I couldn’t decide how many of these I could eat–two or three? So, I made six. That’s three for you, three for me. Or, we could do two for you, two for me and two for the dog?
Actually, I don’t recommend that. Save the extras for breakfast the next day. Pudding for breakfast is just plain healthy if you ask me. And only if you ask me and not a nutritionist.
The buttery little pecans on top of these mini bread puddings are the best part (after the sauce, of course).
I love peppermint, eggnog, and all of the usual holiday flavors this time of year, but I have to say that buttered pecan is the quintessential holiday aroma for me. The smell, the taste, the guessing game of burning a few nuts to get that extra toasty flavor? Fun, right?
Check my how to video above for tips & tricks on toasting nuts!
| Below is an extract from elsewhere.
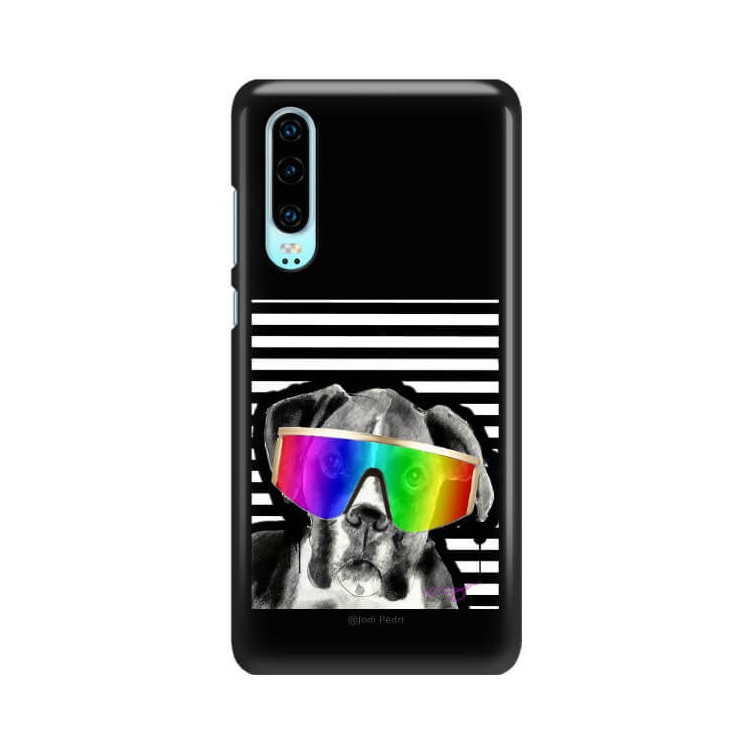Etui Huawei P30, Etui Jodi Pedri Transparentny - FunnyCase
I thought I’d let you know that you can feel free to double, triple or even quadruple this recipe if you’re serving a crowd. But please mind the egg ratios: don’t get lazy and add a whole egg instead of the extra egg yolk, ok? Scale up responsibly, friends!
- 3 tablespoons unsalted butter, divided use
- 1/4 cup pecan halves
- 1/2 cup 2% milk
- 1/2 cup heavy cream
- 1/4 cup granulated sugar
- 1/2 teaspoon cinnamon
- pinch of freshly grated nutmeg
- 1/2 teaspoon vanilla extract
- 1/4 teaspoon almond extract
- 1 large egg + 1 large egg yolk
- 2 1/2 cups white bread cubes (from about 3 slices of bread)
Brown sugar whiskey caramel sauce:
- 1/4 cup dark brown sugar
- 3 tablespoons heavy cream
- splash of whiskey
- In a small skillet, add one tablespoon of the butter and turn the heat to medium-low. Add the pecans when the butter melts, and toast gently until fragrant and beginning to darken in several places. Remove from heat and pour into a bowl immediately to stop the cooking process.
- Preheat the oven to 325, and grease 6 cups of a muffin pan with oil or cooking spray.
- Melt the remaining 2 tablespoons of butter in a medium bowl. Whisk in the milk, cream, sugar, cinnamon, nutmeg, vanilla and almond extract. Don't be tempted to skip the almond extract; it's pivotal here. If you're out, though, use an extra bump of vanilla in its place. Finally, stir in the egg and egg yolk (reserve the egg white for another use. I have an index of uses here).
- Add the bread cubes, stir and let sit for 5 minutes.
- Divide the bread cubes between the 6 muffin cups, not worrying so much about the liquid. After all of the bread is divided, even out the amount of liquid between the cups--it should fill about three-fourths of the way in each cup.
- Bake the bread puddings for 20 minutes.
- After 20 minutes, scatter the pecans and any excess butter on top, and return the bread puddings to the oven for another 7-10 minutes.
- Let the puddings cool in the pan for 10 minutes before moving with a knife.
- While the puddings cool, make the sauce: bring the brown sugar and heavy cream in a small saucepan or butter warmer. Bring to a boil and cook for 2 minutes. Remove from the heat, and stir in the whiskey.
- Drizzle the sauce over the bread pudding sand serve.